Post-election crisis and instability - still no international solutions :
Hasty polls can make things worse as Congo’s case shows By Paul Collier
LONDON: Much of my work has been on conflict in Africa, so the latest catastrophe in the Democratic Republic of Congo (DRC) has unsurprisingly generated questions of the form ‘What now?’ My buck-dodging answer is: ‘Don’t start from here’. We are where we are because of the persistent failure of the international community to face reality. Part of that reality is that the UN is ill-suited to a reactive mode of operations: reaction requires decisions and logistics that are usually stymied by a lack of consensus and resources.
So what is the alternative to the reactive mode? It is to pre-empt these situations by changing the approach that has been adopted in post-conflict societies.
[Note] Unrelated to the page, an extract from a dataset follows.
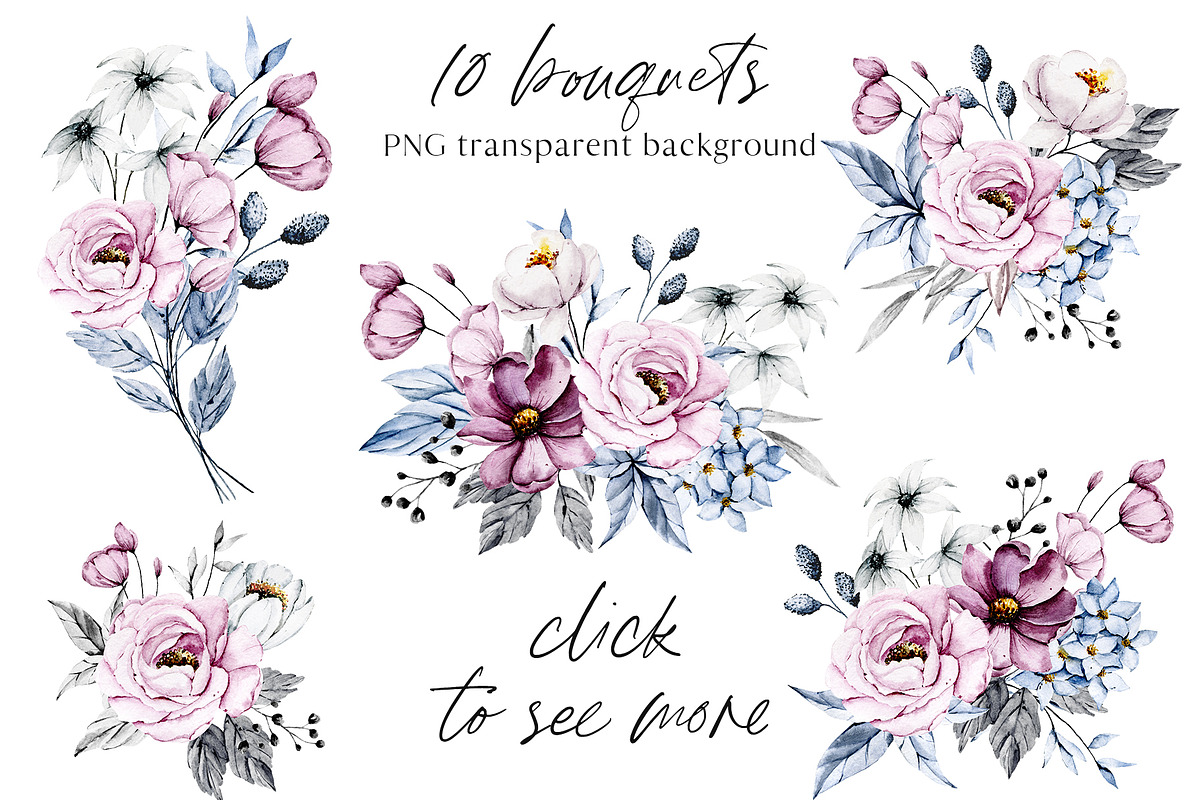 SALE! Watercolor pink & blue flowers, an Illustration by Larisa Maslova (Photo 2 of 11)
The international community has based its pre-emptive strategy on a naive faith in the restorative power of elections. The theory has been that elections usher in an accountable and legitimate government and so bring peace and prosperity. In the DRC, elections were duly held on October 29. 2006, costing the aid donors $500mn. So confident was the international community in this model that the date set for the withdrawal of UN peacekeepers was October 30. Instead, the elections provoked a full-scale shoot-out between the forces of the defeated candidate, Bemba, and the victorious Kabila, while manifestly failing to resolve the problem of eastern Congo.